Exposure between these products is bidirectional. A hazard analysis should consider what happens to
alternate fueling equipment if an incident with one of the fuels occurs. Care must be taken to have the
appropriate separation distance and mitigations according to the applicable codes. Limited experience
with existing stations has shown that these multi-fuel stations can be successful when installed per code
rules.

Each installation should be evaluated based on the results of a hazard analysis considering both of these
scenarios. Separation distances as listed in documents such as NFPA 2, Hydrogen Technologies Code, are
a minimum starting point but may need to be adjusted based on analysis. Recent work by NFPA 2 has
also included overpressure criteria, but the consequences can vary depending on system design and
surroundings.

Guidance for location of vent stacks is provided by NFPA 2, Hydrogen Technologies Code, which also references CGA G5.5, Hydrogen Vent Systems, for additional guidance.
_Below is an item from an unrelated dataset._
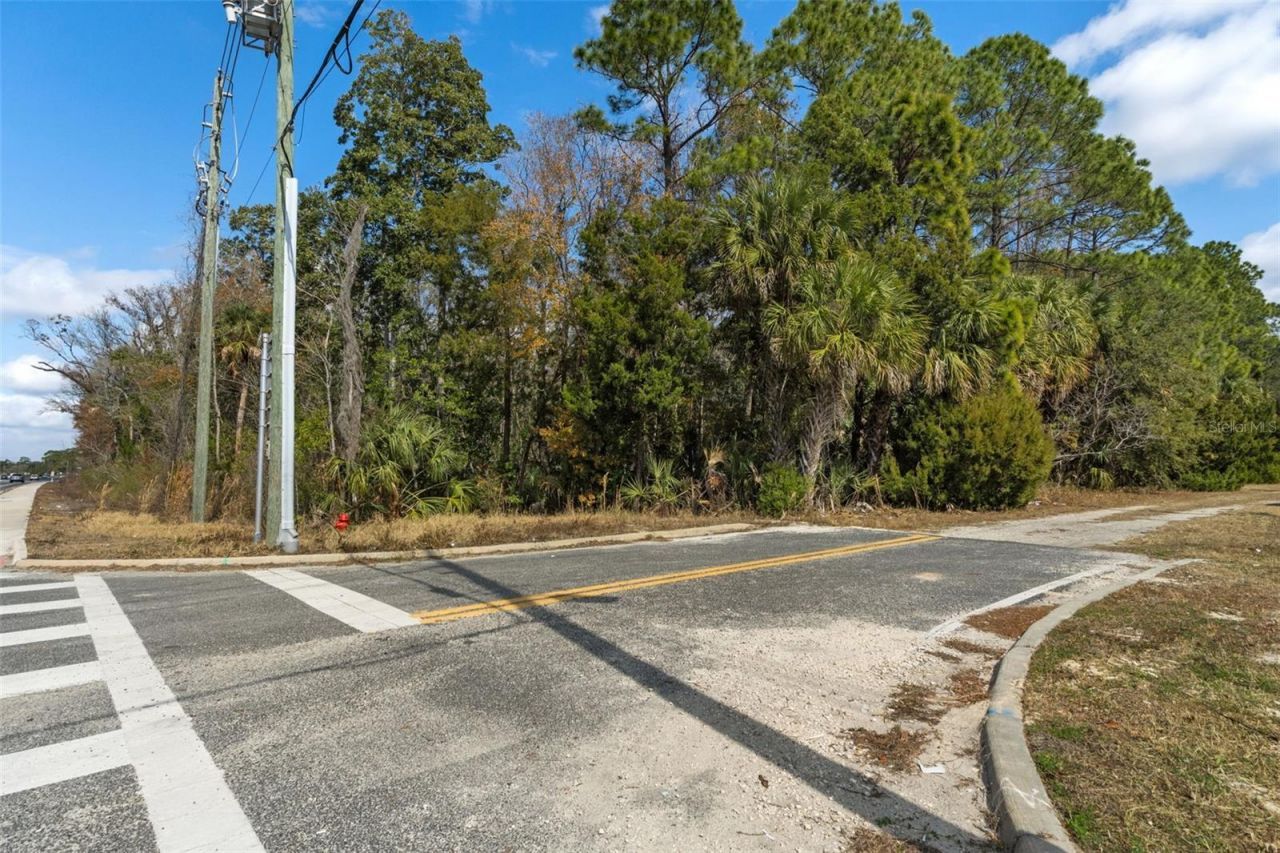 8541 W Faust Lane, Homosassa, FL 34448 Photo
Minimum distances to vent stack outlets should be determined from dispersion and radiation analyses. The height of the vent stack and orientation of the release will affect the minimum separation distance.

NFPA 2 Annex G provides a summary of the conflicts with 29 CFR 1910.103. This is language that has been in NFPA 55 for several cycles as this conflict has existed for many years. The requirements in the Federal Regulations were established in the early 1970s. Since that time, OSHA has not had sufficient resources to update the applicable provisions.

The primary difference between OSHA and NFPA requirements is the separation distances for bulk hydrogen storage systems. The separation distances were changed by NFPA several years ago based on scientific analysis of leak data. When evaluating installations involving CFR referenced standards such as the ASME Boiler and Pressure Vessel Code, OSHA inspectors are taught to accept compliance with later editions of the standards as meeting the requirements of the regulation. The same may be true for the differences between OSHA 49 CFR 1910.103 and NFPA 2.

See attached response from OSHA on the general topic of NFPA codes/standards.

These distances are based primarily on hydrogen piping releases and resultant vapor clouds and jet flames based on pipe diameter and pressure. It’s important to note that many facilities have issues such as confinement and congestion, so it may be applicable to apply contemporary engineering models to assess risk.

There is technically no upper limit for GH2 storage listed within the separation distance tables within Chapter 7 of NFPA 2. For LH2, there is a 75000-gallon upper limit for the LH2 storage separation distance tables within Chapter 8 for LH2. 
It’s important to note that many facilities have site specific issues such as large quantities, confinement, and congestion, so it may be applicable to apply contemporary engineering dispersion and radiation models to fully assess risk.
ISO TC 197 is actively developing LH2 tank standards based on recent research results in the European program described at http://preslhy.eu/. This process is usually slow because of the many nations involved and time inherently needed to reach the consensus required by the ISO standard development process.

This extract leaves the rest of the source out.